Repeat exactly, and nothing more, the lines from the one that includes "apple a17pro 3" through the final line of the entries; skip the pictures.

→ **DATA IN THIS EXERCISE**:
====

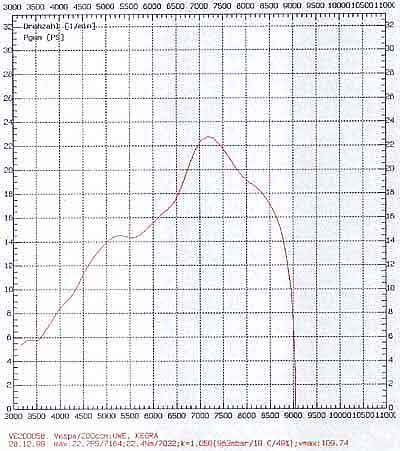 Kegra/JL graph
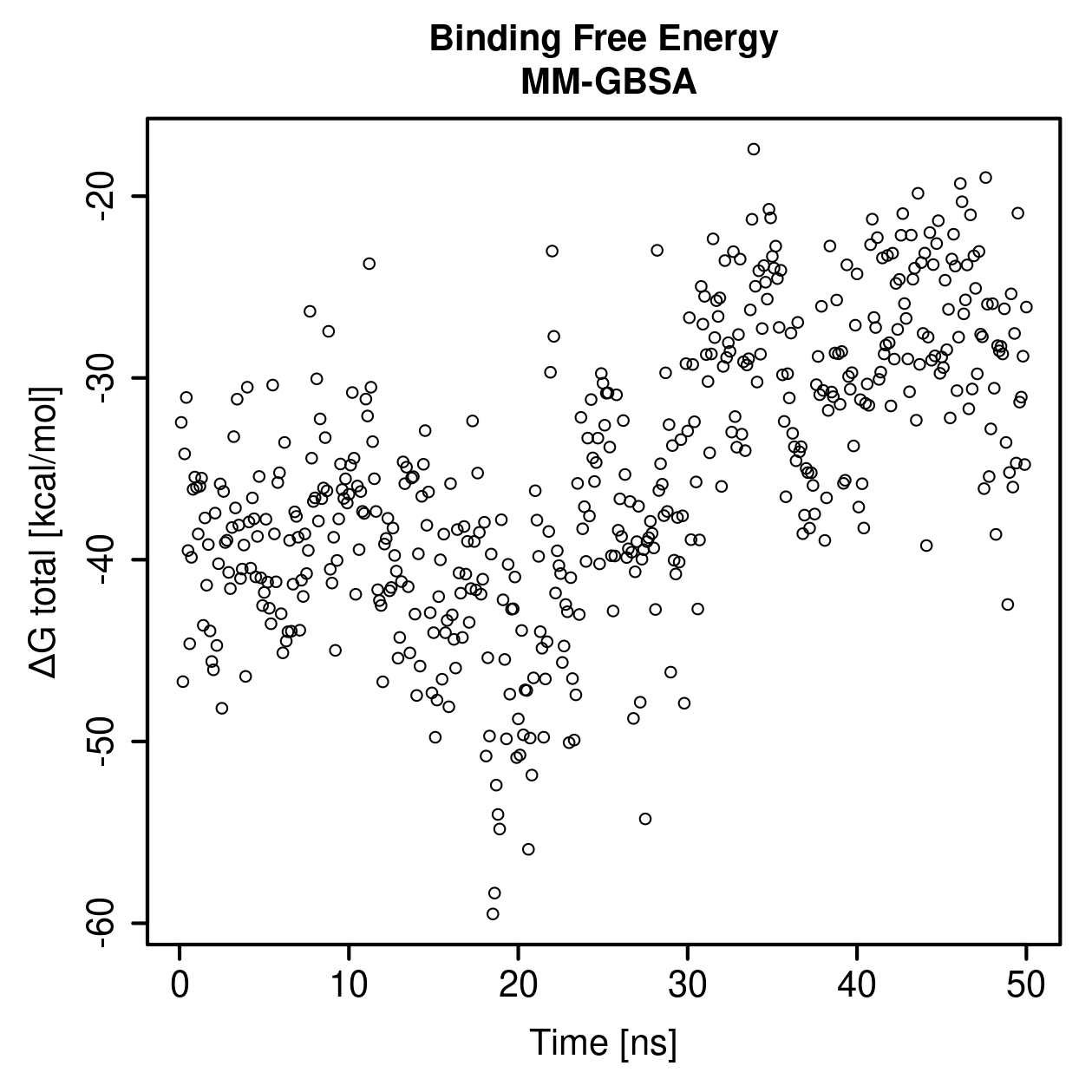 MM-GBSA Plot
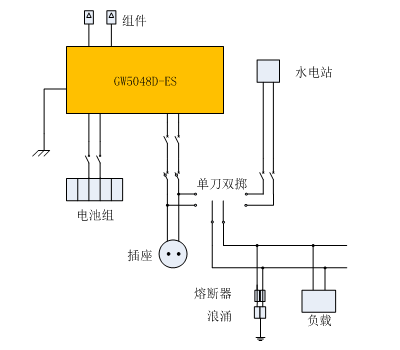 关于5kW户用光伏+储能系统非典型设计的介绍和分析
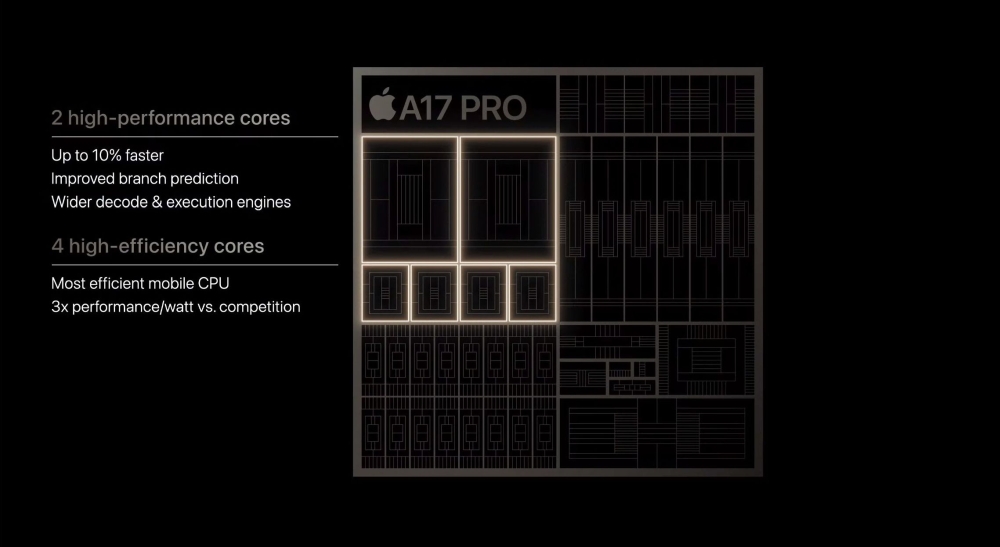 apple a17pro 3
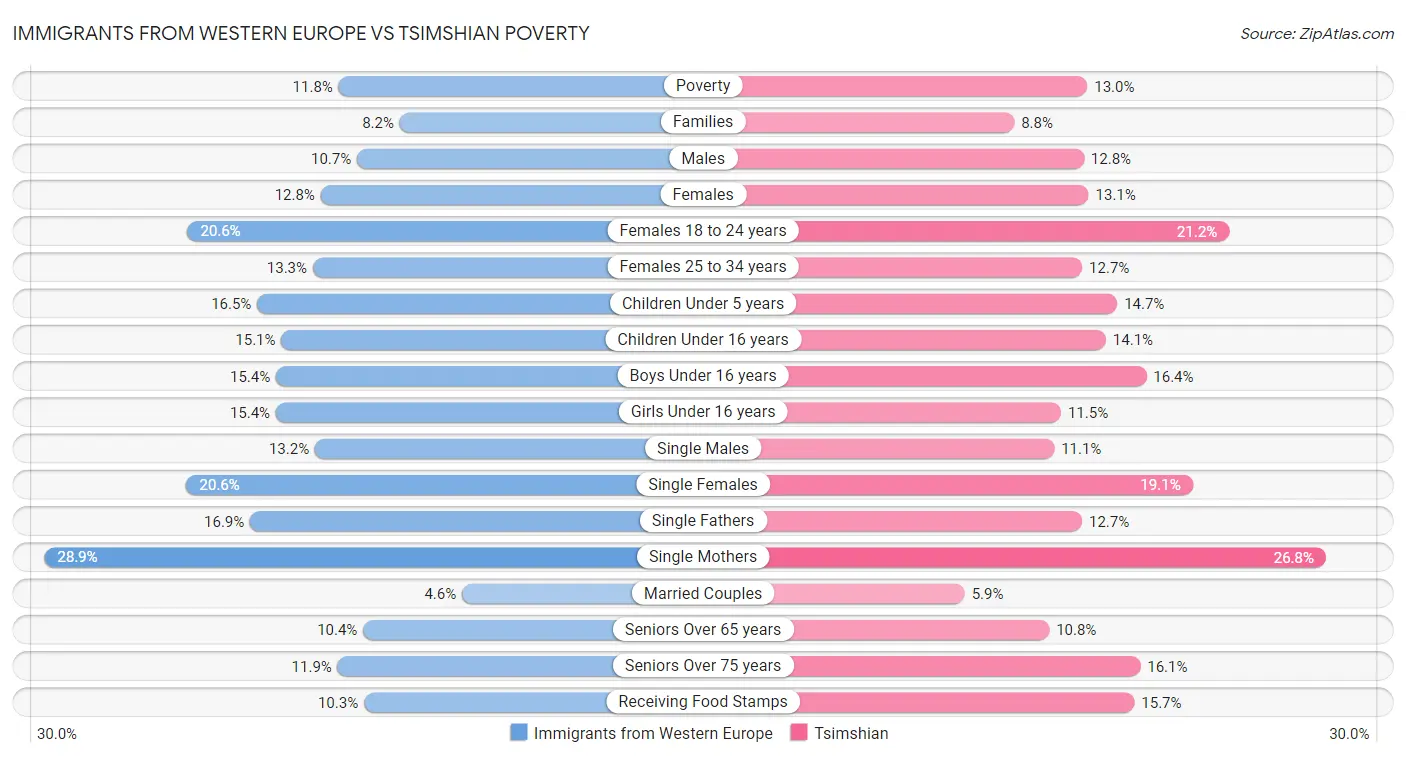 Immigrants from Western Europe vs Tsimshian Poverty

====

→ **YOUR SOLUTION**:
 apple a17pro 3
 Immigrants from Western Europe vs Tsimshian Poverty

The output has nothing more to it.